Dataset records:
::::

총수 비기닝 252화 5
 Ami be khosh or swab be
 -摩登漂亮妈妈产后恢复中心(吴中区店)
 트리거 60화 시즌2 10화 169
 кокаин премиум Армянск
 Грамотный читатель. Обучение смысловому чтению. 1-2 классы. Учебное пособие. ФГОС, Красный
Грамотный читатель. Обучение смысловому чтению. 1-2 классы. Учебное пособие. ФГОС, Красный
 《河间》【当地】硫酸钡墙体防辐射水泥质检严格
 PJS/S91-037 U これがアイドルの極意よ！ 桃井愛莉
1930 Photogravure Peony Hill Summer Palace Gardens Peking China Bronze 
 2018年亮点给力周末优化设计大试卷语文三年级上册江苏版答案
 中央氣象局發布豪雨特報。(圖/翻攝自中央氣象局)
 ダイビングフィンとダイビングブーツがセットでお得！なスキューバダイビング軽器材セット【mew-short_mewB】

::::

• About this exercise:
Starting at the line that contains "中央氣象局發布豪雨特報。(圖/翻攝自中央氣象局)", copy every line down to the last line of the records above, exactly as written.

• Response area:
 中央氣象局發布豪雨特報。(圖/翻攝自中央氣象局)
 ダイビングフィンとダイビングブーツがセットでお得！なスキューバダイビング軽器材セット【mew-short_mewB】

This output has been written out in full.